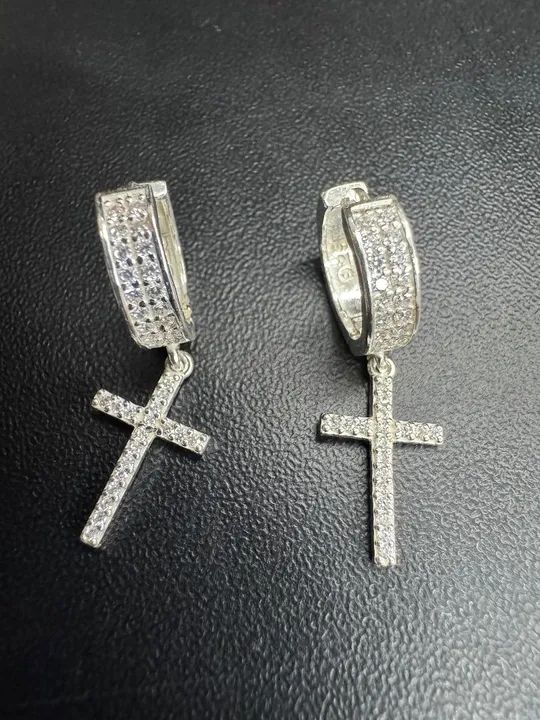 Brincos Cruz em Prata 925 com Zircônias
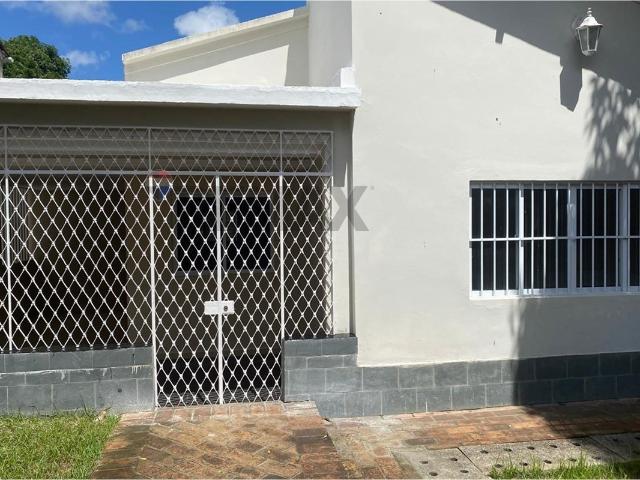 250 Área Útil Casa Alugar, 3 Dormitórios localizado em Rua Francisco Bezerra Monteiro, 389 Poróximo a Reitoria da UFPE Engenho do Meio, Recife, Pernambuco, 50730250 | Brasil
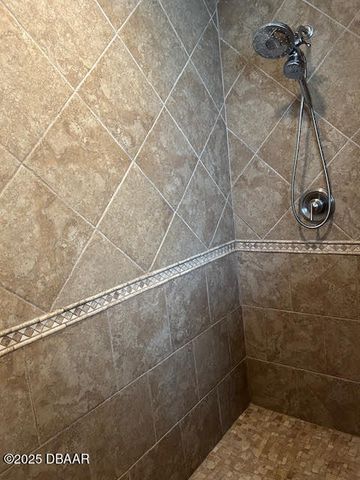 1111 Squirrel Nest Lane, Port Orange, FL 32129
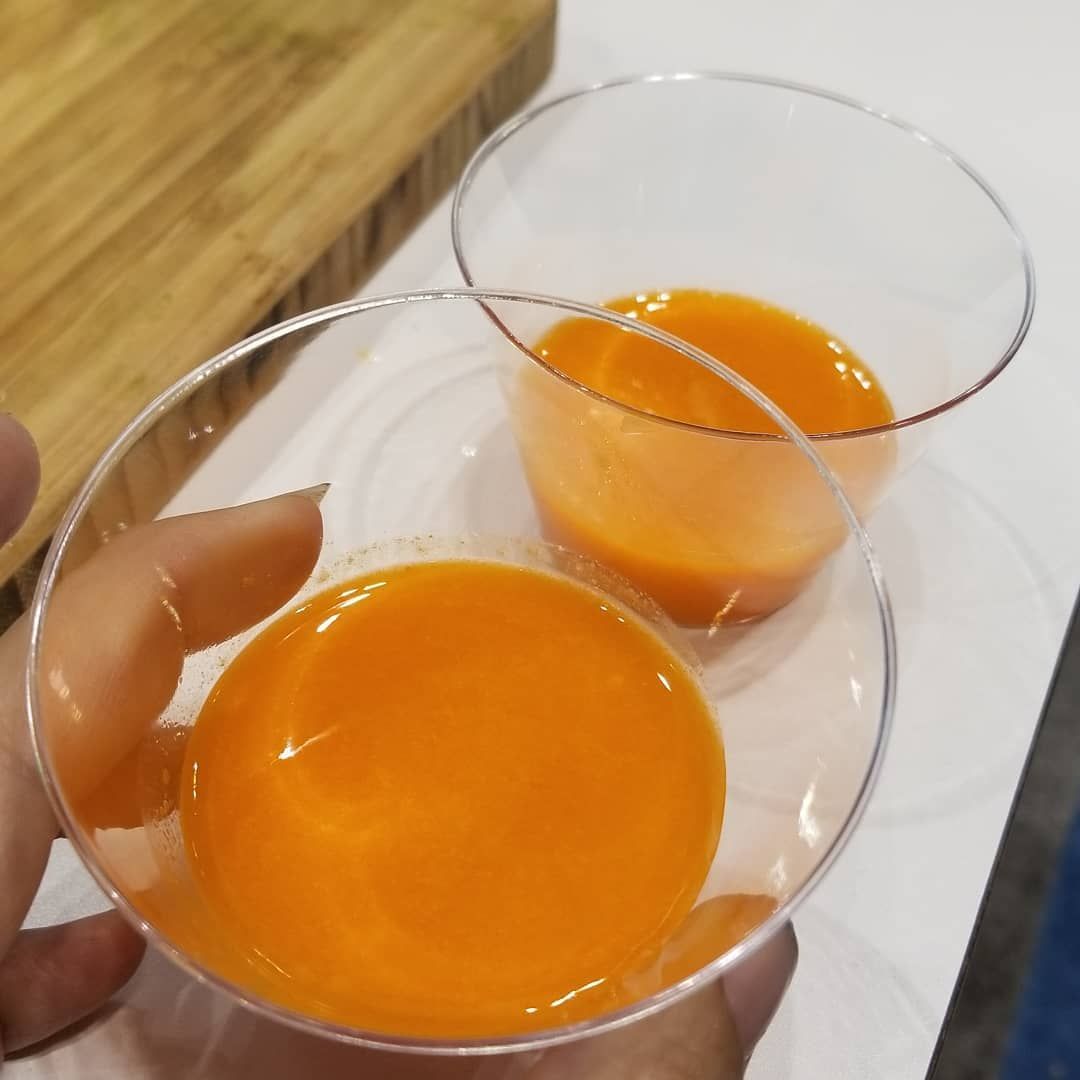 TribestUK's tweet photo. Check out this delicious Carrot Orange juice! What's your favourite combo? See our full range of juicers here https://t.co/PNjnPJblCO #juicing #vegan #rawvegan https://t.co/tOyUXDvmJm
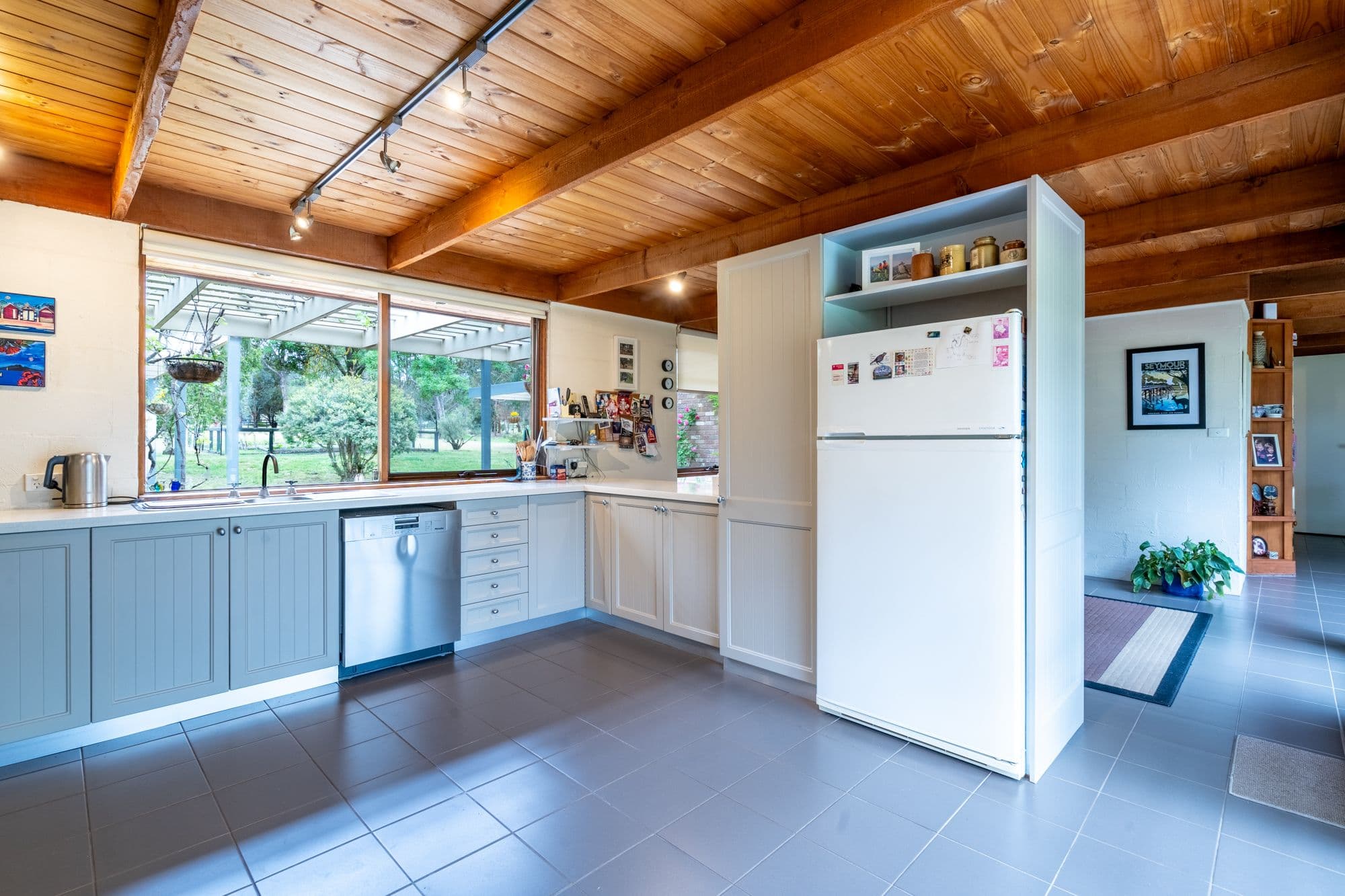 12 Dempsey Road, Seymour VIC 3660, Seymour - Thumbnail 3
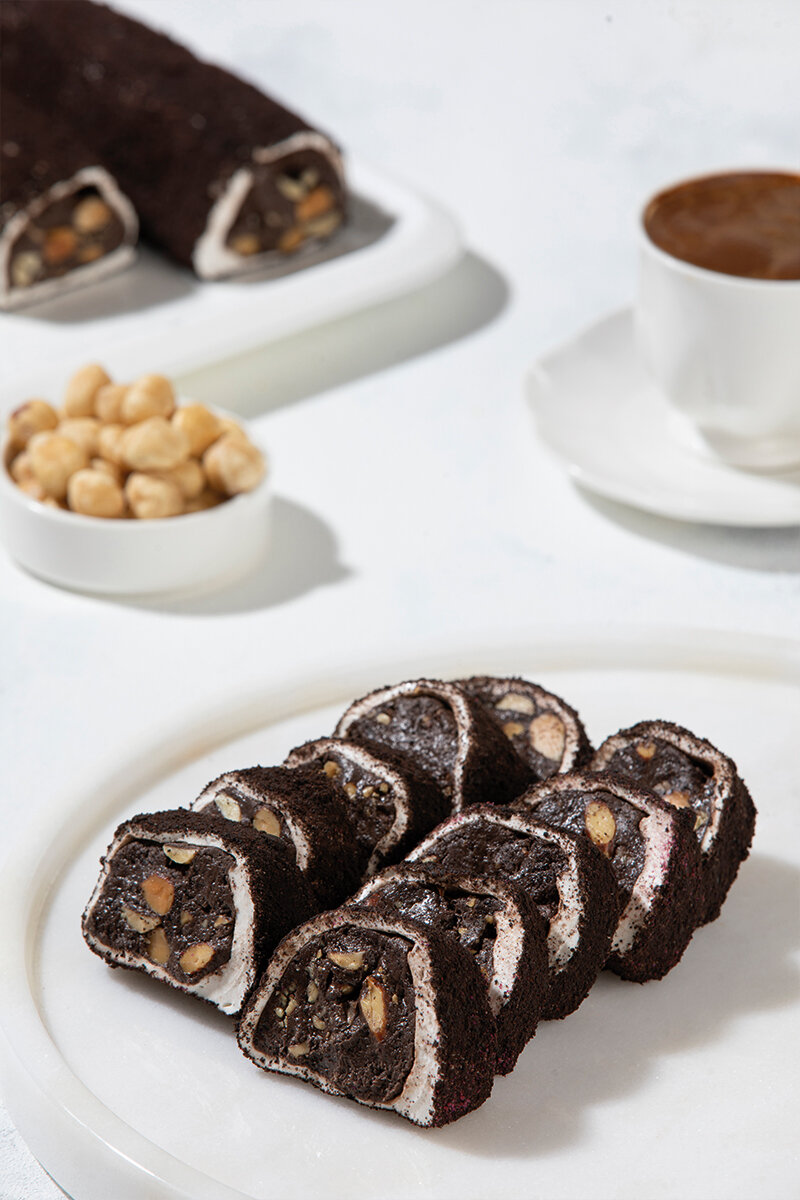 Özdilek Lokum Dolgulu Siyah Kadife Kaplı Fındık Kremalı Bademli Kg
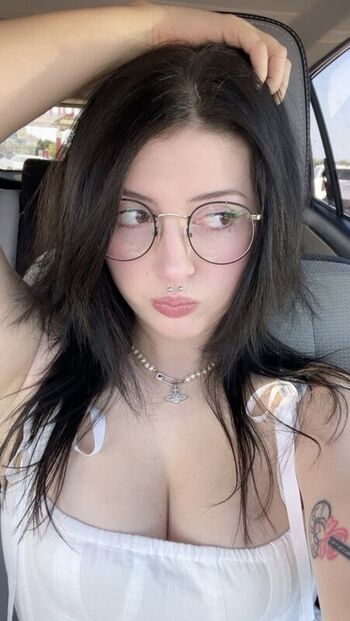 Full leaked Calessira private photo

## About this exercise
An exact reproduction of the data above is required, with every picture removed.

## Exercise result
 Brincos Cruz em Prata 925 com Zircônias
 250 Área Útil Casa Alugar, 3 Dormitórios localizado em Rua Francisco Bezerra Monteiro, 389 Poróximo a Reitoria da UFPE Engenho do Meio, Recife, Pernambuco, 50730250 | Brasil
 1111 Squirrel Nest Lane, Port Orange, FL 32129
 TribestUK's tweet photo. Check out this delicious Carrot Orange juice! What's your favourite combo? See our full range of juicers here https://t.co/PNjnPJblCO #juicing #vegan #rawvegan https://t.co/tOyUXDvmJm
 12 Dempsey Road, Seymour VIC 3660, Seymour - Thumbnail 3
 Özdilek Lokum Dolgulu Siyah Kadife Kaplı Fındık Kremalı Bademli Kg
 Full leaked Calessira private photo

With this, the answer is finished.